Los meteoritos han sido testigos de una larga y violenta historia; son fragmentos de asteroides que se formaron en el sistema solar hace 4500 millones de años. Poco después de su formación, algunos asteroides se calentaron por la desintegración radiactiva, fundiéndose y dando lugar a un núcleo de metal líquido rodeado de un manto sólido rocoso. La convección del metal líquido crea campos magnéticos, como el núcleo externo líquido de la Tierra genera un campo magnético De vez en cuando los asteroides chocan y se mezclan, y diminutos fragmentos caen a la Tierra, dando a los científicos la oportunidad de estudiar las propiedades de los campos magnéticos que se han generado años atrás.
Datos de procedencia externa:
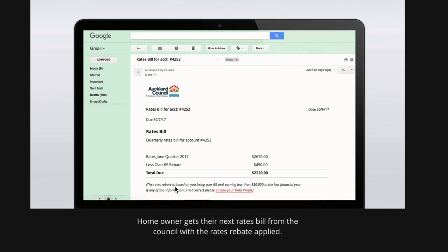The homeowner says yes. The homeowner then gets their next rates bill from the council with the rebate applied. This means that the application has been automated with permission.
Hasta ahora no estaba claro si las señales magnéticas podrían ser retenidas por los meteoritos de hierro. Dominios magnéticos grandes y altamente móviles se encuentran dentro del metal de hierro, y estos dominios crean señales magnéticas enormes pero fácilmente sustituibles por nuevos eventos. La probabilidad de que estas regiones puedan contener información útil sobre los campos magnéticos primitivos en el sistema solar es extremadamente baja.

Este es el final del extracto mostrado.